In what immediately became known as ‘Spygate’, the Argentine admitted to sending staff to watch every Championship club’s training sessions – although security features at different complexes meant those scouts were able to observe only 11 – and Leeds were fined £200,000 by the Football League for conduct which, in the governing body’s own words, “fell significantly short of the standards expected”.

Bielsa

Bielsa was nonplussed about the anger he incurred. Watching the opposition prepare was common practice in Argentina, and every one of his training sessions at Athletic Bilbao, his employers between 2011 and 2013, took place in public.
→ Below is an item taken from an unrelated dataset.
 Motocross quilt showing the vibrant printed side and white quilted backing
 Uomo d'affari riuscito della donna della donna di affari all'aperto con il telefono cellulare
The week after his intern was confronted in Derby, Bielsa held a 66-minute briefing at Thorp Arch to detail his pre-match analysis in full and explain why, in light of him possessing so much legitimate detail about Frank Lampard’s team, “I don’t need to go to watch a training session of an opponent to know how the opponent plays”. 

So what was the point of doing it, then? “It allows me to keep my anxiety low,” admitted Bielsa. “We think by doing that and gathering information, we get closer to a victory, even though we know it’s not true. In my case, I’m stupid enough to allow myself this behaviour.” An extraordinary look into Bielsa’s machine shone a light on his obsessional and paranoid attitude – not unlike Don Revie, whose dossiers at Leeds during the 1960s and ’70s were years ahead of their time.

The Argentine’s engagement with the media is limited but fascinating; a gradual drip of his thoughts and anecdotes which let everyone listening into his head, slowly. There are no one-on-one interviews, no impromptu press briefings (his ‘Spygate’ presentation aside) and nothing offered outside of the pre- and post-match conferences. Bielsa has said on more than one occasion that he owes every reporter the same right to question him and hear him speak, but some in South America say he was stung in the early stages of his career by an off-the-record discussion that came back to bite him. 

When journalists gather, he speaks without a time limit. His introduction at Elland Road ran for more than an hour and 20 minutes – so long, in fact, that Bielsa stopped midway through and asked his translator if he needed a break. The manager’s harsh gaze avoids all eye contact, usually fixed to the floor, while his face gives very little away. 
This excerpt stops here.